HOME THEATER & SOUND -- Movie Review

Hostage
*
reviewed by Doug Schneider


Photo © Miramax Films

Hollywood makes a lot of dumb movies these days, but every so often they outdo themselves and make something really dumb that has you wondering how it even got started at the studios. Hostage, by rookie director Florent Emilio Siri, is one of those movies.

Bruce Willis plays Jeff Talley, a once-praised but now-disgraced hostage negotiator. After a hostage-taking incident goes wrong and an entire family ends up dead, he retreats to a quiet California city where he hopes for a life without crime. He wants out of the tough stuff. That abruptly ends, though, when three young thugs show up in a stolen pickup truck and, through a series of events that can happen only in the movies, take a rich family hostage.

To tell you any more would be to give away some of the movie’s supposed spoilers -- that is, if you even plan to see this overwrought, wretched mess. It’s the work of a filmmaker who doesn’t know the meaning of the word subtlety and thinks that to make something gripping it has to be loud and in-your-face.

Admittedly, Hostage has one interesting twist -- one -- that could have made the film somewhat interesting, but it’s completely wasted with carelessly thrown-together scenes and clichéd images. And when the filmmakers aren’t trying to impress you with whizzy camera angles and graphic images, there’s an overbearing music score that tries to ramp up the intensity almost every minute, like putting a punctuation mark on the end of every sentence to make it seem exciting! It’s not. In fact, the movie’s long, repetitive and boring.
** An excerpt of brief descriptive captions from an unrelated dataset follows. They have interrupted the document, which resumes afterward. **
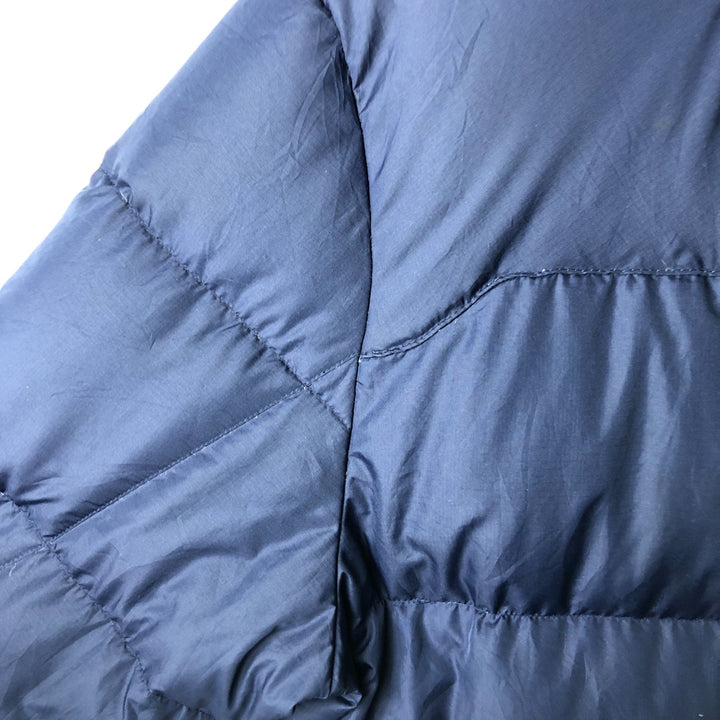 Ralph Lauren POLO RALPH LAUREN down jacket, men's size M polyester Navy blue Vintage Second Hand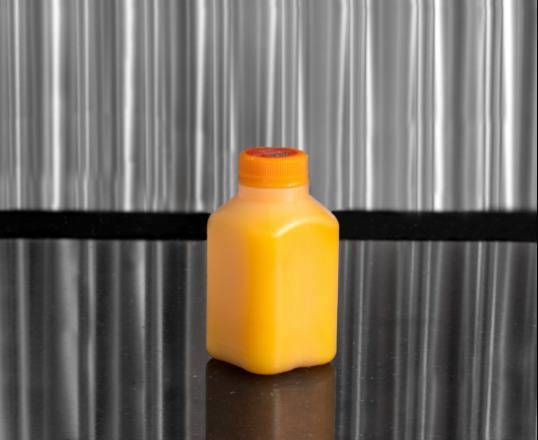 Order Orange Juice food online from Yum Yum Donuts store, Madera on bringmethat.com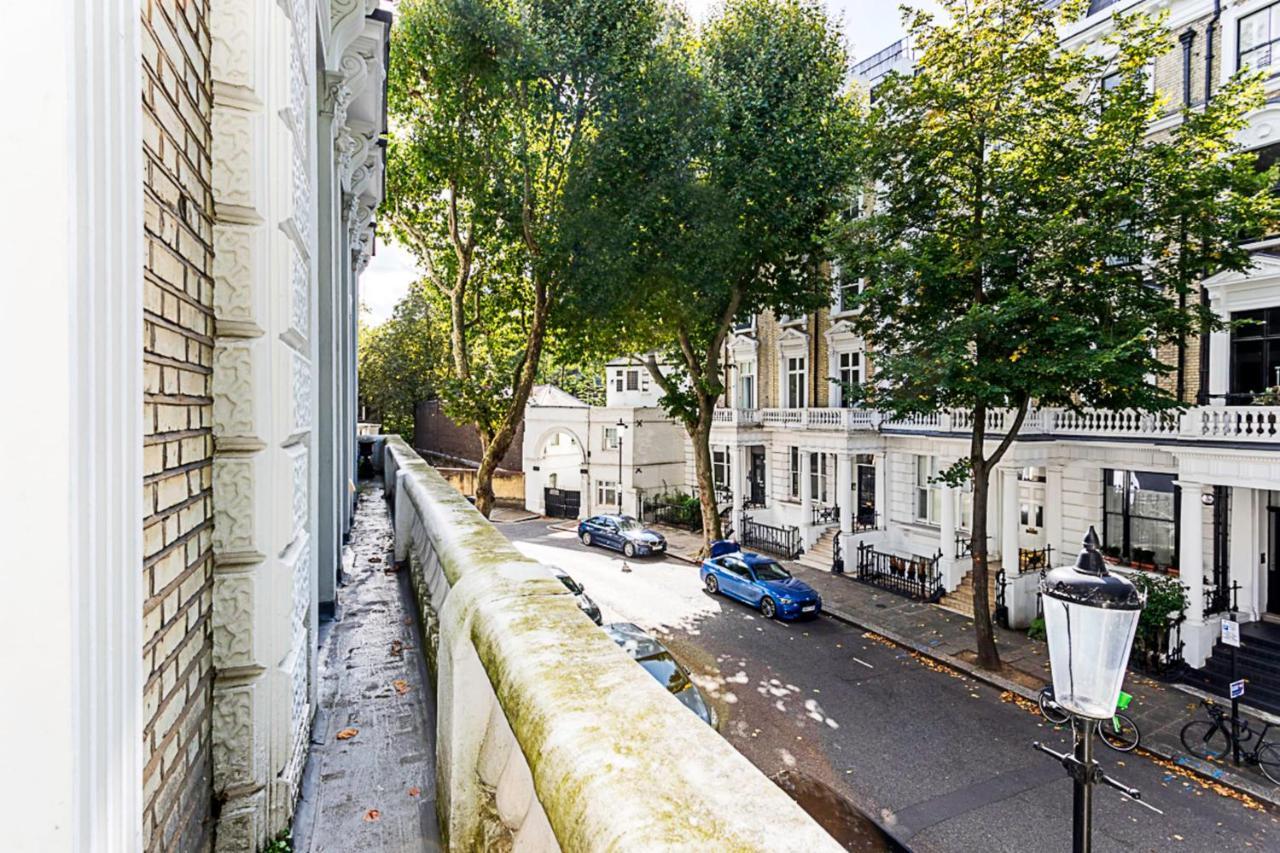Notting Hill Charm 2-bed Gem * Londra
Hostage has been released early in March to capitalize on its big-name star Bruce Willis and to rake in a few bucks before better movies come along. Skip this one in the theaters, and pass on by when it soon hits the video shelves. Hostage is horrible, but it is to be hoped that Willis, a generally good actor who has appeared in many fine films, will turn his talents again to films that entertain us without assaulting our senses.